In centro storico weekend di Nocinopoli, organizzato da “Il Matraccio” Il presidente Gaetani: «Un tentativo di uscire da un periodo buio» 

«Con le nostre radici guardiamo al futuro»,ha augurato il sindaco Muzzarelli ieri mattina quando, tagliando il grande “Bensone”, ha scovato le grandi chiavi con le quali ha aperto ufficialmente l’edizione 2021 di “Nocinopoli – la città del Nocino”. L’iniziativa è promossa da “Il Matraccio - Albo Assaggiatori di Nocino Tipico di Modena”, in collaborazione con Modenamoremio e il patrocinio del Comune.

Modena, che festa in piazza per il Nocino


«“Nocinopoli 2021, usciamone!” – annuncia Giorgio Gaetani, presidente de “Il Matraccio” – è questo il titolo dell’edizione, con l’augurio di ritrovare insieme una nuova luce e uscire da un periodo triste e buio. Anche noi ripartiamo con fiducia con un weekend ricchissimo di iniziative, all’insegna della tradizione e della valorizzazione del nocino e di tutto il patrimonio enogastronomico modenese».

Il Matraccio è nato in città nel 2005 e in breve tempo ha raggiunto più di un centinaio di soci. Oltre a Nocinopoli tante sono le iniziative che promuove tra cui “Nocino a regola d’arte”, finalizzata alla diffusione e alla formazione di produttori e assaggiatori di nocino e il palio annuale “NocinoMio”, che vede la partecipazione di centinaia di campioni da tutta Italia.

«Il nocino – spiega Fabio Guzzoni de il Matraccio – è il liquore modenese per eccellenza sia per il successo che ha tradizionalmente riscosso nella nostra provincia, sia per l’abbondante presenza di alberi di noci coltivati in diverse località tra il Secchia e il Panaro».

Ma allora quali sono le caratteristiche che deve avere un buon Nocino? «Deve presentarsi con aspetto limpido, di colore bruno scuro più o meno accentuato, di odore intenso con sentore di noce e sapore aromatico, gradevole e persistente, tipico della noce immatura», spiega Guzzoni. Infatti la materia prima che lo caratterizza sensorialmente sono i malli di noce, raccolti prima che avvenga l’indurimento del guscio e con i quali viene realizzato un infuso in alcool.

«La tradizione vuole che le noci si dovevano raccogliere il 24 giugno, giorno di San Giovanni evangelista – spiega Luigi Benassati, esperto assaggiatore – Si diceva che la rugiada formata nella notte fosse una panacea per ogni male, specie per i problemi dell’apparato digerente e i disturbi gastro-intestinali, per i quali il Nocino era considerato un rimedio eccellente.
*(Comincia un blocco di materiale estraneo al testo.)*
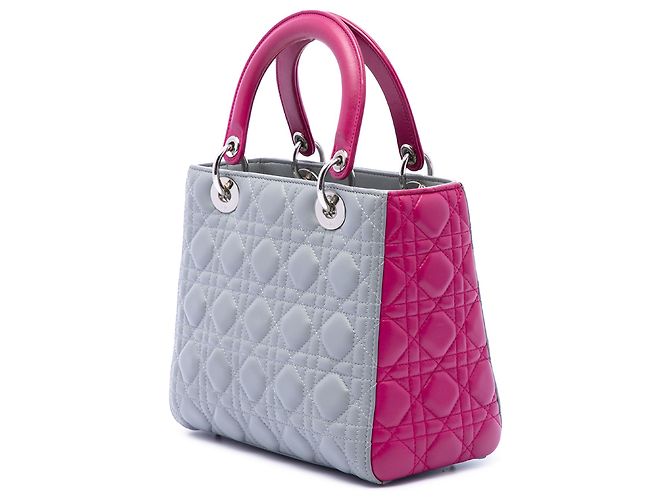 Dior Gray Medium Bicolor Lambskin Cannage Lady Dior - view 2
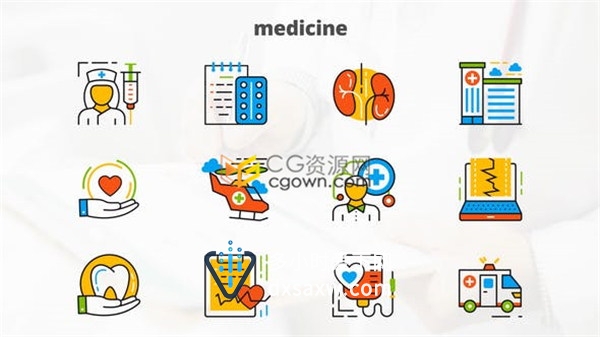 医学与医疗健康方面12组图标动画动态解说Icons效果视频-AE模板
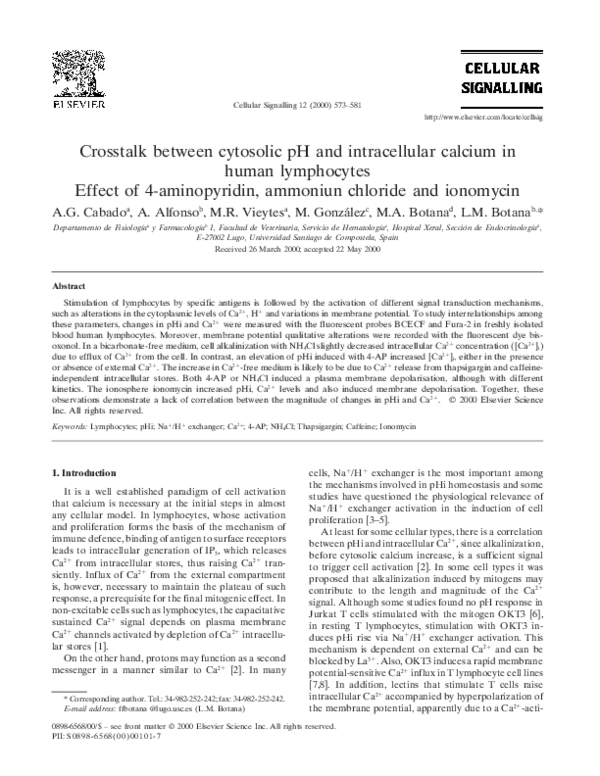 (PDF) Crosstalk between cytosolic pH and intracellular calcium in human ...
In realtà ultimamente il momento più opportuno per la raccolta va dal 1 al 15 giugno, quando i malli non sono ancora ben formati e la noce risulta verde e tenera con la possibilità di tagliarla a pezzi».

Nonostante il caldo a Nocinopoli non sono mancate le persone che hanno deciso di degustare Nocino e Sorcino (sorbetto al nocino), affiancandolo ad altri prodotto tipici modenesi come gnocco fritto, borlenghi, vini e birra artigianale, alimenti senza glutine e pure dolci.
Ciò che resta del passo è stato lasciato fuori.